时空的涟漪,存在的迷雾。
穿越记忆流沙的惊魂甫定,尚未有喘息之机,林烨便领着队伍,踏入了灵魂死域那更深处、更不可名状的腹地。
如果说之前的哀嚎回廊是精神的刑场,记忆流沙是信息的坟墓,那么这片区域,便是规则本身的、扭曲、混乱、充满恶意的游乐场。
时间,失去了刻度。
有时,众人明明感觉已跋涉了数个时辰,浑身疲惫,灵力消耗明显,但抬头看向上空那片永恒的苍白,或者试图在心中默数计时,却发现感觉中的漫长可能只对应了外界真实流逝的、不到一盏茶的短暂。
有时,又恰恰相反,只是迈出几步,略作停顿,便会产生一种恍如隔世、沧海桑田的错觉,仿佛自己已在此地枯站了百年,连思维都快要被永恒的现在所凝固。
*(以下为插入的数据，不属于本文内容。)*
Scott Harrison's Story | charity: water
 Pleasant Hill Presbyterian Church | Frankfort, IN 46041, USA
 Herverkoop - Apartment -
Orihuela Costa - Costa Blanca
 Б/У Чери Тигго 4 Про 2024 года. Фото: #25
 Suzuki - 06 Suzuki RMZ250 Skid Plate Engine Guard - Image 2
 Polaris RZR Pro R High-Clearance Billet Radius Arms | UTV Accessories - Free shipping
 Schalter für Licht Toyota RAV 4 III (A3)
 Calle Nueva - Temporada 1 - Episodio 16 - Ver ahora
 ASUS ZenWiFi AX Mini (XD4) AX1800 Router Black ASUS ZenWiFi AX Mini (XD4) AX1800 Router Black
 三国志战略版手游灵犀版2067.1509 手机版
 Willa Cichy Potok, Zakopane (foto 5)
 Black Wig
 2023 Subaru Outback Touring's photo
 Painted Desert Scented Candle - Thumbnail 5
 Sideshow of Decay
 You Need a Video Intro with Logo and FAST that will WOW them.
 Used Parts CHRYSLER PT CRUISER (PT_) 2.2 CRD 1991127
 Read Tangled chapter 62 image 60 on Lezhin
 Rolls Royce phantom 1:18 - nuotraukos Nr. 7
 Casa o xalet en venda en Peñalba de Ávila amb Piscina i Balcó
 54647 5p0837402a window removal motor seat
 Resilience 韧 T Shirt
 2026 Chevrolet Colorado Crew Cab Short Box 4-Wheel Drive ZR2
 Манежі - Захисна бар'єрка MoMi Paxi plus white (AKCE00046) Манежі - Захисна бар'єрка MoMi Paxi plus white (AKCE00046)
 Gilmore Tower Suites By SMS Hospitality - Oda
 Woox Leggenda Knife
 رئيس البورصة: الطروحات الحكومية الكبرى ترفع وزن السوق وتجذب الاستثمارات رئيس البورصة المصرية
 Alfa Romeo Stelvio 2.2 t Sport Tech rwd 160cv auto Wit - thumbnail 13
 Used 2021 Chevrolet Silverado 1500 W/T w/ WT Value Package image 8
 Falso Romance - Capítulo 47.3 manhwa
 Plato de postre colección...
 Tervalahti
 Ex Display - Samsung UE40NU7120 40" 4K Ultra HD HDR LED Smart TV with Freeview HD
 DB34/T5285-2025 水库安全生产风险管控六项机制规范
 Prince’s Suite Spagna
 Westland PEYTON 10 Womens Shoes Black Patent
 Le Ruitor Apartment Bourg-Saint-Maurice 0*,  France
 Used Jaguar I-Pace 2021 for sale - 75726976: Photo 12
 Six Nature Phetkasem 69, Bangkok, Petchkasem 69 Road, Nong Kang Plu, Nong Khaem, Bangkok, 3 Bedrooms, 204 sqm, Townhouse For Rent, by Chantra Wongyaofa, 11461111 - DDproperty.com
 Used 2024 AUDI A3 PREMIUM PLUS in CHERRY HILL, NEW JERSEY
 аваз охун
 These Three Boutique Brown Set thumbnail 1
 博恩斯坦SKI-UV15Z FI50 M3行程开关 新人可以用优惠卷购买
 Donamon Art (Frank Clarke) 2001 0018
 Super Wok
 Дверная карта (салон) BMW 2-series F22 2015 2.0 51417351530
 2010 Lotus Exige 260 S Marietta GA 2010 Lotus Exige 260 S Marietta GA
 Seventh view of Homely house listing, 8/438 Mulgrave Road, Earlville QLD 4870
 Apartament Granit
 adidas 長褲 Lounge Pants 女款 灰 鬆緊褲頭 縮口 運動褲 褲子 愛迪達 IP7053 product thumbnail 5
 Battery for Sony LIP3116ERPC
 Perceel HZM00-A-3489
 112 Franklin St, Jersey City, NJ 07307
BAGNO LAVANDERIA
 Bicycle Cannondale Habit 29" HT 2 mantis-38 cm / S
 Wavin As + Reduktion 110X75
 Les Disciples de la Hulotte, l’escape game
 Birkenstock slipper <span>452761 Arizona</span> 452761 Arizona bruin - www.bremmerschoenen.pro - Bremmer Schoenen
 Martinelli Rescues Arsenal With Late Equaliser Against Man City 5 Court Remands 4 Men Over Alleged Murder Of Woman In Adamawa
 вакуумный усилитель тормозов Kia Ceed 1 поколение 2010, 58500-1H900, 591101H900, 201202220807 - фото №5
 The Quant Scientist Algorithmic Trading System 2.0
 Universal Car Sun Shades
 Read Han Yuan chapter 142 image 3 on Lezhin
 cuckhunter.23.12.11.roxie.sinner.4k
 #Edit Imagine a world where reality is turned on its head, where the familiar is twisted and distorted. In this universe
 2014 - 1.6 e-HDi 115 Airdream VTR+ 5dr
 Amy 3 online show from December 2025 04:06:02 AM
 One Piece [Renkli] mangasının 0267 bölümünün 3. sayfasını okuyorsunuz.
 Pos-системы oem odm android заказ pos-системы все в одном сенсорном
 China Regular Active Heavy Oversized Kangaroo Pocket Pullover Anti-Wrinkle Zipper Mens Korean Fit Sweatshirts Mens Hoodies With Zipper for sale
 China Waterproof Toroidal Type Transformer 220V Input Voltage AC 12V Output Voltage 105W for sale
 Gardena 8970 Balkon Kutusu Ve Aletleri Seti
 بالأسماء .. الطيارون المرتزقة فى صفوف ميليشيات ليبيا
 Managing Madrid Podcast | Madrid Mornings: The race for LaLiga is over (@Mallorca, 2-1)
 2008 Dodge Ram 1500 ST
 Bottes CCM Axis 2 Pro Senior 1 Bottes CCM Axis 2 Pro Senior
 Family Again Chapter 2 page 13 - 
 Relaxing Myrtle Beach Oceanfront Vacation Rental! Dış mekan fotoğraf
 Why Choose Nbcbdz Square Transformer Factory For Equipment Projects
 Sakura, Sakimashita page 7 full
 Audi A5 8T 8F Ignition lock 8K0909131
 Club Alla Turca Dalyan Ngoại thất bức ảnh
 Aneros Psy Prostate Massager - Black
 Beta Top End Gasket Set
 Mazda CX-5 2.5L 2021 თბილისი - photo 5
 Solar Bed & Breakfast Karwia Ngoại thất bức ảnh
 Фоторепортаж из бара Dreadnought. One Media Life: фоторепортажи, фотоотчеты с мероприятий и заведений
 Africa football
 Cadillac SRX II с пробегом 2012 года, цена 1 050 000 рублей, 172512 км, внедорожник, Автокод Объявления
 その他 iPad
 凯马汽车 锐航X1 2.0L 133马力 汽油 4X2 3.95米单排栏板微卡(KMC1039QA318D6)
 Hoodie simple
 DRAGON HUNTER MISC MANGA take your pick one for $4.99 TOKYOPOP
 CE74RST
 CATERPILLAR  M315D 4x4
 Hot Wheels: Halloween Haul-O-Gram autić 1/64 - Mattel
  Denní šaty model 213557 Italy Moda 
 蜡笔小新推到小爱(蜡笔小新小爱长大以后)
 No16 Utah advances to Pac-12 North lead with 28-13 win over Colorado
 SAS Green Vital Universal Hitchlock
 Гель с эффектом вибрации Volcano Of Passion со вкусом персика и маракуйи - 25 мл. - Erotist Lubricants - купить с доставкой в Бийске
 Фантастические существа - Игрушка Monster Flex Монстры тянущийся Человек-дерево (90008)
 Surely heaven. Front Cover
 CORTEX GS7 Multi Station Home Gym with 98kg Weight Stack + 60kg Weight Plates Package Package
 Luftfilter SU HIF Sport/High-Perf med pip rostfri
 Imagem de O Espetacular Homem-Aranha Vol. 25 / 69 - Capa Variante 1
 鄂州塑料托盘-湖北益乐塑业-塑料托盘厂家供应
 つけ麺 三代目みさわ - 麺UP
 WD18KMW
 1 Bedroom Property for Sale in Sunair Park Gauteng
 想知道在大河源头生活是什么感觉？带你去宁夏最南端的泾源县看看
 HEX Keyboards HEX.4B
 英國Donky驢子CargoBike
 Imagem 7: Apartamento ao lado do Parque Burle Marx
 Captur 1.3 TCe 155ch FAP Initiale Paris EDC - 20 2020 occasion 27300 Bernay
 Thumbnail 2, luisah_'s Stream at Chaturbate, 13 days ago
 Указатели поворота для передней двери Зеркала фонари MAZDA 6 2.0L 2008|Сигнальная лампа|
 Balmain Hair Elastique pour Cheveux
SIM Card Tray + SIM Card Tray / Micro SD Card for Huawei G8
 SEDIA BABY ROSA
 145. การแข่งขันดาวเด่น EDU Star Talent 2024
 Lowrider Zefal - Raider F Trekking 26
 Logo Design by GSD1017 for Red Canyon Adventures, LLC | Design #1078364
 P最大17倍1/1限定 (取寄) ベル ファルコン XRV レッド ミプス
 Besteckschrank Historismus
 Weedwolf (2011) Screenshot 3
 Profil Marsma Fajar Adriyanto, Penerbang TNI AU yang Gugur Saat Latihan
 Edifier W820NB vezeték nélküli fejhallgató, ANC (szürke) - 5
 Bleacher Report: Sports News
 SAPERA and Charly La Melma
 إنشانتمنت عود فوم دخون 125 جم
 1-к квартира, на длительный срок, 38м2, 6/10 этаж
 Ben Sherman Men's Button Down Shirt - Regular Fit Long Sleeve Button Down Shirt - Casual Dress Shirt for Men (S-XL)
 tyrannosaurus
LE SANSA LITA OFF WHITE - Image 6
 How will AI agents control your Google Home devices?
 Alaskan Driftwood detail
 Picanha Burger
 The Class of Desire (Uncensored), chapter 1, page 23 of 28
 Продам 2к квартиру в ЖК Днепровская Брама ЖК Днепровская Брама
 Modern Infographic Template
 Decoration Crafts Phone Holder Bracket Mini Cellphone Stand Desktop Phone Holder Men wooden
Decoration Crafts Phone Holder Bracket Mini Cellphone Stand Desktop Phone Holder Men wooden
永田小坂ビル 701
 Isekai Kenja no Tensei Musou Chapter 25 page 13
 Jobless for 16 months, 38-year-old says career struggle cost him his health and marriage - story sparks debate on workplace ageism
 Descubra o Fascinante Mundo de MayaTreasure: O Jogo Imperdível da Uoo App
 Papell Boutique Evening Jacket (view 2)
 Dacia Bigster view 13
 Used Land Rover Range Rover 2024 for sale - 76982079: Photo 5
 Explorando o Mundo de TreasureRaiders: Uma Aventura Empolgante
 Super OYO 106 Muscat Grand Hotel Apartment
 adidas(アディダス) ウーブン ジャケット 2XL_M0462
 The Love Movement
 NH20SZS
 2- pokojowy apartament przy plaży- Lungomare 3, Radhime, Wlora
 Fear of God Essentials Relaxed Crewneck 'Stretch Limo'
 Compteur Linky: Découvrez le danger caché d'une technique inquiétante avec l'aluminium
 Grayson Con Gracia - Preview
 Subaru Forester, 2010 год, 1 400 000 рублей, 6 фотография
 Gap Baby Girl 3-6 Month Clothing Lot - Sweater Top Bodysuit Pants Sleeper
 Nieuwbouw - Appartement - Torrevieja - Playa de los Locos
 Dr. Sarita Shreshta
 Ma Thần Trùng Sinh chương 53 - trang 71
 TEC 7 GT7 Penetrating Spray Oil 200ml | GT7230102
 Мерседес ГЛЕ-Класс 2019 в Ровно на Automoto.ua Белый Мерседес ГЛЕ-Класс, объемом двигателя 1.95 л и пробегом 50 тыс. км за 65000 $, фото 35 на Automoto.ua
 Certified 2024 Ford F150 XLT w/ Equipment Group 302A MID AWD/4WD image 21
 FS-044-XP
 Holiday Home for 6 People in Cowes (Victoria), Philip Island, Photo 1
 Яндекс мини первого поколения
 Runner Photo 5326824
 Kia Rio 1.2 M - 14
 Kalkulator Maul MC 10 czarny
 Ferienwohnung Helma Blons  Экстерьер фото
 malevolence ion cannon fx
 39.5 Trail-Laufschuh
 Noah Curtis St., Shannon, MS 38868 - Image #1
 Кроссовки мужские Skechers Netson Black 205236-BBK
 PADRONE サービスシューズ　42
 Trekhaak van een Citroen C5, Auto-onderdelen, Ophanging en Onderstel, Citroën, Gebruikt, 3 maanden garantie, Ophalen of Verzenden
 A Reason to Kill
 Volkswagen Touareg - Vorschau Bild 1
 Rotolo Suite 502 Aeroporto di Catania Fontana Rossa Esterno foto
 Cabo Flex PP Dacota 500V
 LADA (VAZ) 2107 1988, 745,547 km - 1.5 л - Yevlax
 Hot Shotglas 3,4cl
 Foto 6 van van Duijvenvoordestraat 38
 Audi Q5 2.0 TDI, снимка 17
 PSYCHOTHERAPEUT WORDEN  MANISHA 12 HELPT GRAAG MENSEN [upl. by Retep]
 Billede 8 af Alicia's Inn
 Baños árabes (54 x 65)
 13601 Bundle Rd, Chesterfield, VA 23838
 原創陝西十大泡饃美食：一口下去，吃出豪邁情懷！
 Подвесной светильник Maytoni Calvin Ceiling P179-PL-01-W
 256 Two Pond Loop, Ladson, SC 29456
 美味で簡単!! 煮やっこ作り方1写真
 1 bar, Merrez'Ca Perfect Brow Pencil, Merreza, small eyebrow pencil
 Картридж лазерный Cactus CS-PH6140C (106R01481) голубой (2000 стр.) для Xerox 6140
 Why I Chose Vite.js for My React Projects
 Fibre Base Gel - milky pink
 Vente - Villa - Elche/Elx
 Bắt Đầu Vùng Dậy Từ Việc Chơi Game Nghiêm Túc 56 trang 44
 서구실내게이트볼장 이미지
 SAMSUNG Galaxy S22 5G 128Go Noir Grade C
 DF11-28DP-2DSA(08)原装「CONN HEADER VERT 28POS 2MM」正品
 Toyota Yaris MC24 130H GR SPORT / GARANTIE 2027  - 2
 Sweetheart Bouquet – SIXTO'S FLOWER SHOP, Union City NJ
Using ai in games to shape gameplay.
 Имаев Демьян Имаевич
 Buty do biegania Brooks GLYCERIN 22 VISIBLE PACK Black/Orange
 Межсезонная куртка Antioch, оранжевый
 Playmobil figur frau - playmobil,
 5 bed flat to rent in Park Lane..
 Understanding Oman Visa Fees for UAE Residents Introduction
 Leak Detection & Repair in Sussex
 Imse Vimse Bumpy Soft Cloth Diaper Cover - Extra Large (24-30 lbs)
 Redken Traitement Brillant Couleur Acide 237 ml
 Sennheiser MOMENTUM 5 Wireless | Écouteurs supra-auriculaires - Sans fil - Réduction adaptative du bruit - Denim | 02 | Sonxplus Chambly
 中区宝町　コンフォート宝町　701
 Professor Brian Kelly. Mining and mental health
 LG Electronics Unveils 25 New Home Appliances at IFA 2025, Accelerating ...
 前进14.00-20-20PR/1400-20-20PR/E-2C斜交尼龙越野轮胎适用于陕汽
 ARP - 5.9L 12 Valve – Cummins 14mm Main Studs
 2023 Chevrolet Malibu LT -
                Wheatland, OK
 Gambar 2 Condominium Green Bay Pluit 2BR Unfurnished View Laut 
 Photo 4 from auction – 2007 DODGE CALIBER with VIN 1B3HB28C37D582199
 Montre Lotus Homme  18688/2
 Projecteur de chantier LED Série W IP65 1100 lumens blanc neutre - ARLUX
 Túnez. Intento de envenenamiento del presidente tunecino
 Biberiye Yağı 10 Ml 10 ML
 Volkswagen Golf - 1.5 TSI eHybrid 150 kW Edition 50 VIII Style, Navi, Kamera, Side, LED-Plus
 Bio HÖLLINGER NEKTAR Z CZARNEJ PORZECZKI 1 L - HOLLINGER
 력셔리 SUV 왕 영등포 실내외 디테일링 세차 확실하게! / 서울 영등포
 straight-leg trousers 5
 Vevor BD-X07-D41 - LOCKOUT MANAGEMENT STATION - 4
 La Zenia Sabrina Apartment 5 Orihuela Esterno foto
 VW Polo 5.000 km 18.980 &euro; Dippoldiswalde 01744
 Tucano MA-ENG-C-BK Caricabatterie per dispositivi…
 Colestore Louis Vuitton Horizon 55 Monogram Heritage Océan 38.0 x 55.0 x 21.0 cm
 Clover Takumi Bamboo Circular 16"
林烨的规则推演空间不得不持续高负荷运转,以自身道心为锚点,建立一套独立的、极其粗糙的内部时间流参照系,才勉强抵御着这无处不在的、对时间感知的随机扭曲与稀释。
空间,失去了常态。
方向彻底沦为笑谈。
明明笔直向前,却可能在下一刻,发现自己正朝着侧方甚至后方行进。
地面不再是平坦的,它可能在脚下无声地蠕动、拉伸、折叠,形成短暂的空间回环或断层。
明明与同伴并肩而行,中间隔着不过数尺,但一步踏出,却发现同伴的身影骤然变得遥远、模糊,仿佛中间隔着千山万水,甚至感知中都只剩下一个微弱的信号。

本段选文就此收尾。